6. Algorithmic Implementation

A generic SDFLoRA round comprises:

Broadcast: Server provides latest global module parameters to all participating clients.
Local update:
- Clients initialize adapters with the received global module and their persistent local module.
- For several local steps, gradients and updates for global module occur with DP noise (if required); local module updates remain noise-free.
Upload: Each client uploads the updated global module only.
Aggregation: Server constructs the next global module via weighted stacking and SVD compression.
Broadcast: The compressed module is sent out for the next round; local modules are retained privately at the client.

The dual-module pattern is adapted for expert allocation by clustering clients (e.g., via $B$ -matrix cosine similarities), assigning each to a domain-global expert, and learning a client-specific personal adaptation (Wang et al., 18 Sep 2025).

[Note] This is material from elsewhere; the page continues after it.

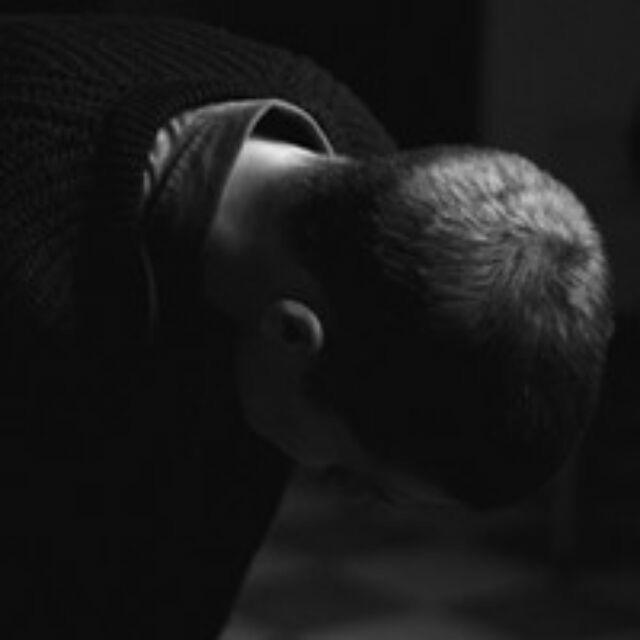 把心事藏进梦里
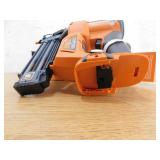 RIDGID 18V Brushless Cordless 18-Gauge 2-1/8 in. Brad Nailer (Tool Only) with CLEAN DRIVE Technology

7. Applications, Limitations, and Outlook

SDFLoRA extends to:

Transformer-based NLP and VLMs, hybrid vision-language systems, and personalized multimodal pipelines (Thuau et al., 20 Oct 2025).
Scenarios with stringent cross-client privacy (DP), heterogeneous computing environments (rank-mismatched LoRA), and highly non-IID data.

Limitations:

Maintaining separate local modules increases per-client storage and on-device computation.
Selection of module split, rank allocation, and compression threshold $r_{\max}$ requires problem-dependent tuning.
Extensions to more advanced adapter architectures and adaptive domain/local capacity allocation remain areas for future work (Shen et al., 16 Jan 2026).

The SDFLoRA framework thus provides a principled, empirically validated approach for scalable and robust federated adaptation of large foundation models, balancing generalization, personalization, and practical system constraints (Shen et al., 16 Jan 2026, Guo et al., 2024, Qi et al., 2024, Zhao et al., 13 Oct 2025, Wang et al., 18 Sep 2025).